A Gathering – The Run to Posey’s


David Yon, 



It is difficult to characterize The Run to Posey’s which occurs each Christmas Eve. The route, the St. Marks Trail, effectively serves as a meeting place for runners to celebrate the holiday season with laughter and conversation. The event has some trappings of organization, but not many and it certainly is not a race. Races have clearly defined starting points and distances; this event has neither as participants pick starting points and times that fit their own Christmas Eve goals. There is a general idea that the “main” start is at 8:00 a.m. at the St. Marks Trail head near the corner of Woodville Highway (South Monroe) and Capital Circle and that the goal is to run the 15.6 miles of the St. Marks Trail that take runners to the town of St. Marks and the confluence of the St. Marks and Wakulla Rivers. But rest assured, runners will start before and after that time and from locations all along the trail. Nevertheless, like the migration of wildebeest in the Serengeti, they all make their way to the watering hole at the end. For many years, Posey’s was the stopping place, but since hurricane Dennis’s tidal surge closed Posey’s doors, the Riverside Café has taken its place.

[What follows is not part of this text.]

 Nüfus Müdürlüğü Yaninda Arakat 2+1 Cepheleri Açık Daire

As best as I can tell the railroad tracks connecting Tallahassee and St. Marks were built in the mid 1830’s. Around 1983 the Seaboard Railway filed to have the tracks designated as “abandoned” and in 1984 the Florida Department of Transportation bought the right of way making a future linear park between Tallahassee and St. Marks possible. The first tale of this run I could find came from GWTC member Tony Kronenburg who gives the following account of what he believed to be the “first” Run to Posey’s on Christmas Eve morning 1980.

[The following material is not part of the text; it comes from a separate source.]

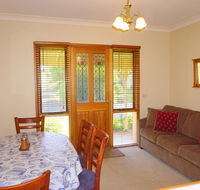 Abrigo Apartment - Accommodation Adelaide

As Christmas approached with no family to visit and no one to spend the holiday with I decided to run to St. Marks via the rail line to St. Marks on Christmas Eve day. As a long time railroad fan I recognized that yet another rail line was headed for extinction. I also enjoyed the countryside, and wanted to do something that would be memorable for Christmas. I enlisted Joe Blessing to join me, and Joe in turn invited two younger guys who were FSU physics majors.

Tony and friends parked at the corner of the Truck Route and Woodville Highway to start their trek. They found it easier to run on the shoulder of the highway than the railroad bed until just north of Woodville, where they turned off onto a dirt road that closely paralleled the railroad tracks. After running to the south side of Woodville they ran on the tracks until reaching Highway 98. At that point they returned to the highway and ran the remaining distance to the Fort at St. Marks. Of course they topped off the run with a visit to Posey’s before being picked up for the trip back to Tallahassee. 1980 was long before the abandoned railroad bed would become a paved trail owned by the park system, but a tradition was born. The Tallahassee Rails to Trails coalition was formed in 1985 and the Governor and Cabinet passed a resolution in 1986 to convert the right of way into Florida’s first “rails to trail.” A generous appropriation from the Florida legislature enabled the paving of the trail to be completed in 1987.

My first year participating in this event was 1984 and I noted in my running diary that there were “around 26 people” running the distance from the trail head to St. Marks. I have run the trail almost every year since and while I still can’t “characterize” this event, maybe some things are better off without a label. They just need to be shared with friends.